National policies that encourage physicians to return to regions of need after their training are important, as is providing ongoing training and support to these providers. Outreach campaigns are also integral to caring for a country’s entire population. Instead of depending on impoverished patients to transport themselves to major centers, surgical outreach programs bring the care to those patients. Ghana started a National Cataract Outreach Program that has succeeded in consistently increasing the number of blind patients cured by cataract surgery in the country. Eye disease disproportionately affects poor and rural populations, and it is imperative that our approaches target those populations.
AN ATTAINABLE GOAL
Concerted efforts to build eye care systems, train professionals, and treat patients have resulted in many gains. We know how to provide high-quality, cost-effective care to patients blind from cataracts. We have better methods for training ophthalmologists, nurses, and technicians to build a country’s capacity to sustain care as demographics change. But, as the WHO World Report on Vision clearly describes, there are still too many people across the globe unnecessarily blind. We have the cure. We must increase our focus and refine our work so that we can overcome this problem.

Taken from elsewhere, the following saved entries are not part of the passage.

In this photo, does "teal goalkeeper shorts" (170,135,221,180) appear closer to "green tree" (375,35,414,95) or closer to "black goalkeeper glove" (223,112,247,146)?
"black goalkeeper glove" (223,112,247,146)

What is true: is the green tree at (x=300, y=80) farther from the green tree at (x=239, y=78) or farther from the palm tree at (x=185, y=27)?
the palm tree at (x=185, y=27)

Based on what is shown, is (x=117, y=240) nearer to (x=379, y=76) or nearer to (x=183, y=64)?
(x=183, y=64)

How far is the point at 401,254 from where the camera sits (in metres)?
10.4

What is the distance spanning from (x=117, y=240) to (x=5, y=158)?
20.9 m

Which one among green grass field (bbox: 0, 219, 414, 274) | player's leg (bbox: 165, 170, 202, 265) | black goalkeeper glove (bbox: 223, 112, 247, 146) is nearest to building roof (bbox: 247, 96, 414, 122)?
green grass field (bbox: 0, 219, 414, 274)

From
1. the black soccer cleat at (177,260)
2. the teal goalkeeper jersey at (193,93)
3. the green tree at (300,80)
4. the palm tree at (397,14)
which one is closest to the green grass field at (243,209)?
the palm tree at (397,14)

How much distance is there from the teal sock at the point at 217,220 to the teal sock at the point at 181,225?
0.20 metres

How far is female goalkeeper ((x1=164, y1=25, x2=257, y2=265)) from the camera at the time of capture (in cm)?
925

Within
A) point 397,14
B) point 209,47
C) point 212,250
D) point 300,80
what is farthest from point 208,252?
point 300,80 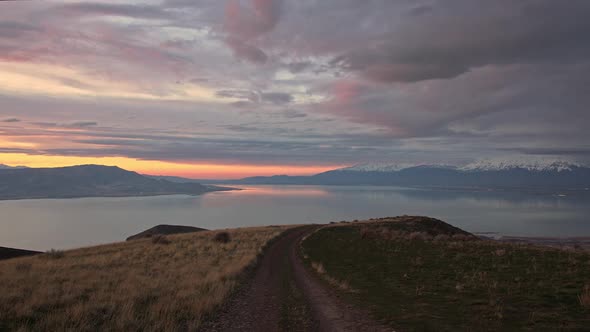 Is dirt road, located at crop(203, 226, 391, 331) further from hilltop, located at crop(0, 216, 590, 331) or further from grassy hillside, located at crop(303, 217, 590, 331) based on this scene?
grassy hillside, located at crop(303, 217, 590, 331)

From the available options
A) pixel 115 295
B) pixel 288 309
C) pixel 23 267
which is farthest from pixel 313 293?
pixel 23 267

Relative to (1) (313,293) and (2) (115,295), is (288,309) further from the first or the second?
(2) (115,295)

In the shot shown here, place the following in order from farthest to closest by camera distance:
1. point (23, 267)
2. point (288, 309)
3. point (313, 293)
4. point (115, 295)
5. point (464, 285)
→ point (23, 267) < point (313, 293) < point (464, 285) < point (115, 295) < point (288, 309)

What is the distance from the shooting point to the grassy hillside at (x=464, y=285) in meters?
10.7

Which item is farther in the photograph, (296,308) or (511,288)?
(511,288)

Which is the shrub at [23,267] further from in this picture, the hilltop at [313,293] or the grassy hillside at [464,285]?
the grassy hillside at [464,285]

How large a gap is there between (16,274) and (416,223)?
5404cm

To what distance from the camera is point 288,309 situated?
13273mm

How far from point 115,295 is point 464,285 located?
14.6 meters

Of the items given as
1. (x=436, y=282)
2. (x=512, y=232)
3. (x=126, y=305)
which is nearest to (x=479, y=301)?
(x=436, y=282)

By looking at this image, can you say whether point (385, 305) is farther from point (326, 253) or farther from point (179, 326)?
point (326, 253)

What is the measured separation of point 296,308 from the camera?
1327 centimetres

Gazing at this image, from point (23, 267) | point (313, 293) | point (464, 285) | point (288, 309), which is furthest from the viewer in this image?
point (23, 267)

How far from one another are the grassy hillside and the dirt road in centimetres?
88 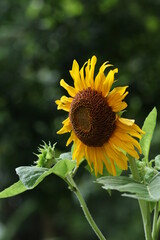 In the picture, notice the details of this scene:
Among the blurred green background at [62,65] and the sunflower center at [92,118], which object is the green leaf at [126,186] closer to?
the sunflower center at [92,118]

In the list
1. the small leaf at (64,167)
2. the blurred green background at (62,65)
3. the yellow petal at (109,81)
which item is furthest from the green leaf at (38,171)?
the blurred green background at (62,65)

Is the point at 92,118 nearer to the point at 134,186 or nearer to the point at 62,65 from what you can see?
the point at 134,186

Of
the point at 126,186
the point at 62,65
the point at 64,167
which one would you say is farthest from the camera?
the point at 62,65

As we redouble our efforts, as we are operating, teaching, and up-scaling our efforts, it is essential to maintain an unrelenting focus on our patients. Although the statistics indicate that the number of blind individuals on our planet remains overwhelming, we are curing people as we work. Each person is not a statistic but an individual who can have his or her sight and life restored.
In the world of global health there are few areas in which we can absolutely win. Helen Keller said, “Because I cannot do everything, I will not refuse to do something I can do.” Eliminating needless blindness is something we can do.
1. World Report on Vision. World Health Organization. October 8, 2019. who.int/publications-detail/world-report-on-vision. Accessed December 2, 2019.
2. Ruit S, Tabin G, Chang D, et al. A prospective randomized clinical trial of phacoemulsification vs manual sutureless small-incision extracapsular cataract surgery in Nepal. Am J Ophthalmol. 2007;143(1):32-38.
3. Bourne RRA, Flaxman SR, Braithwaite T, et al. Magnitude, temporal trends, and projections of the global prevalence of blindness and distance and near vision impairment: a systematic review and meta-analysis. Lancet Glob Health. 2017;5(9):e888-e897.